Commercial reign

Here is why reading Nietzsche is such a strange experience: he plants perplexities in the reader’s head, then signals what he has done a couple dozen pages later. For the last couple of months I’ve been reading Daybreak. I was reading it when I wrote “Designerly virtues”, “Crisis of interspection”, and “Interspecting interverts”. And now I come to these two passages.

174. Moral fashion of a commercial society. — Behind the basic principle of the current moral fashion: ‘moral actions are actions performed out of sympathy for others’, I see the social effect of timidity hiding behind an intellectual mask: it desires, first and foremost, that all the dangers which life once held should be removed from it, and that everyone should assist in this with all his might: hence only those actions which tend towards the common security and society’s sense of security are to be accorded the predicate ‘good’. — How little pleasure men must nowadays take in themselves when such a tyranny of timidity prescribes to them their supreme moral law, when they so uncontradictingly allow themselves to be ordered to look away from themselves but to have lynx-eyes for all the distress and suffering that exists elsewhere!
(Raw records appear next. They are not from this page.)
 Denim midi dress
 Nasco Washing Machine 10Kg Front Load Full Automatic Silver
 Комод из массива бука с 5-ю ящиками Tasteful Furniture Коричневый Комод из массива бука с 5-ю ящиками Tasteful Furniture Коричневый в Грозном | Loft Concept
Are we not, with this tremendous objective of obliterating all the sharp edges of life, well on the way to turning mankind into sand? Sand! Small, soft, round, unending sand! Is that your ideal, you heralds of the sympathetic affections? — In the meantime, the question itself remains unanswered whether one is of more use to another by immediately leaping to his side and helping him — which help can in any case be only superficial where it does not become a tyrannical seizing and transforming — or by creating something out of oneself that the other can behold with pleasure: a beautiful, restful, self-enclosed garden perhaps, with high walls against storms and the dust of the roadway but also a hospitable gate.
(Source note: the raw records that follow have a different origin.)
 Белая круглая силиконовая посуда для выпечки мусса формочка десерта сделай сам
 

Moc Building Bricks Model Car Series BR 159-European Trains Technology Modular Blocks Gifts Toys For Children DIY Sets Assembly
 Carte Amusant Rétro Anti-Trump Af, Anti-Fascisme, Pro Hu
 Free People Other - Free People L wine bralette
175. Fundamental idea of a commercial culture. — Today one can see coming into existence the culture of a society of which commerce is as much the soul as personal contest was with the ancient Greeks and as war, victory and justice were for the Romans. The man engaged in commerce understands how to appraise everything without having made it, and to appraise it according to the needs of the consumer, not according to his own needs; ‘who and how many will consume this?’ is his question of questions. This type of appraisal he then applies instinctively and all the time: he applies it to everything, and thus also to the productions of the arts and sciences, of thinkers, scholars, artists, statesmen, peoples and parties, of the entire age: in regard to everything that is made he inquires after supply and demand in order to determine the value of a thing in his own eyes. This becomes the character of an entire culture, thought through in the minutest and subtlest detail and imprinted in every will and every faculty: it is this of which you men of the coming century will be proud: if the prophets of the commercial class are right to give it into your possession! But I have little faith in these prophets. Credat Judaeus Apella — in the words of Horace. {“Let the Jew Apella believe it; not I”. The phrase means, roughly, tell it to someone else, not me.}

I indexed these two passages in brain.anomalogue wiki under Commercial culture.
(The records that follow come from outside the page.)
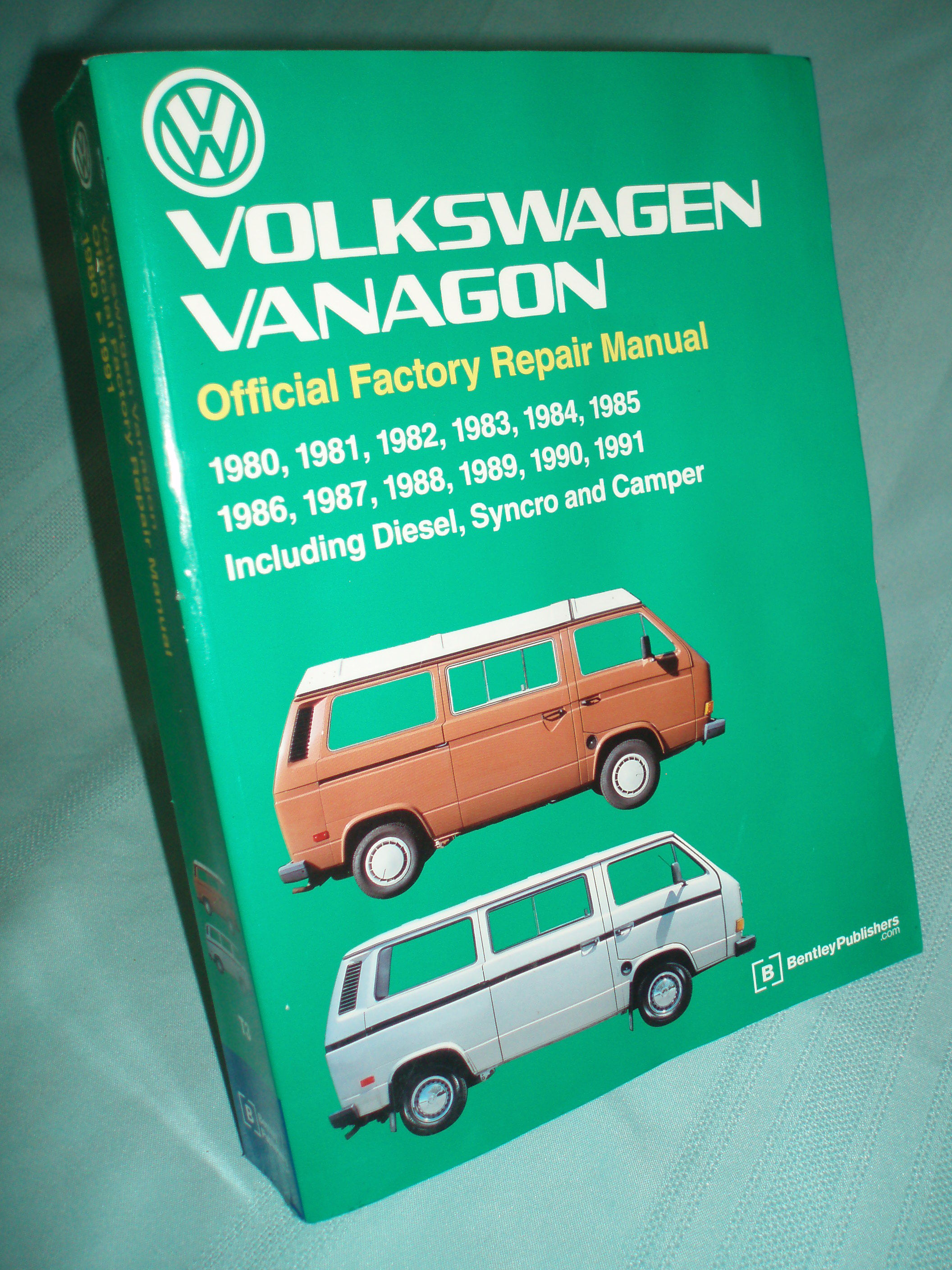 9780837603360 - Volkswagen Vanagon Official Factory Repair Manual 1980-1991 Including Diesel Syncro and Camper (Volkswagen) by Volkswagen of America
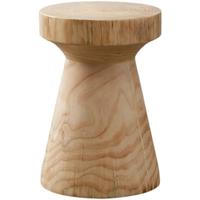 Suministro Directo de Fábrica, Diseños Personalizados, Taburete de Madera Maciza Torneada, Muebles de Tronco de Madera de Alta Gama, Precio de Mayoreo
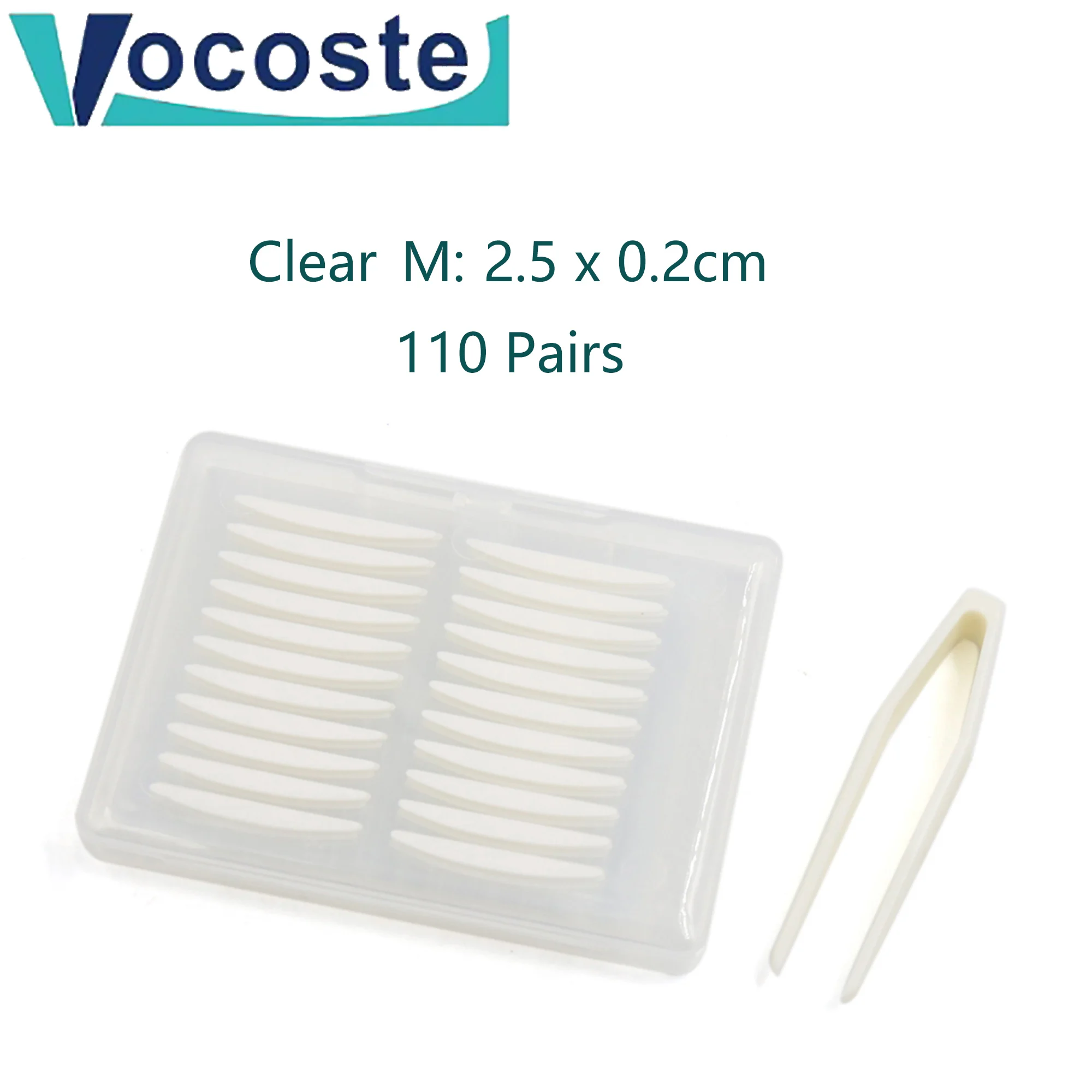 VOCOSTE 48-264คู่สติกเกอร์เทปตาที่มองไม่เห็นวางเทป Self-Adhesive สติกเกอร์กันน้ำ Make เครื่องมือ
This line of thought was a big reason I chose to return to the work world after my paid vacation working for a university, ruining the lives of professors for the convenience of the university administrative class.

Nietzsche hinted that there were cultural possibilities in wholehearted engagement in commercial activity. If you don’t know how to read him feistily you’ll take him at face value, and swallow the notion that commerce is essentially degrading. But illuminate these observations with his fundamental insight that the origin of human virtue is often unsightly, and even vicious: “Thus here too something moral of the highest sort has blossomed out of a black root.”

I would like to believe, and choose to believe, that design is the virtue (or family of virtues) that has grown out of the calculating timidity of merchants, and that this event deserves to be recognized, celebrated, embraced and put to work on our nastiest, gnarliest, bitterest conflicts.


“Commercial Reign” is stuck in my head now.

I wonder if Susan is in this crowd, since she was part of the Madchester scene at its peak. Then she moseyed over to Berlin to see the wall come down. My wife is a trifecta mystical, cultural and historical badass.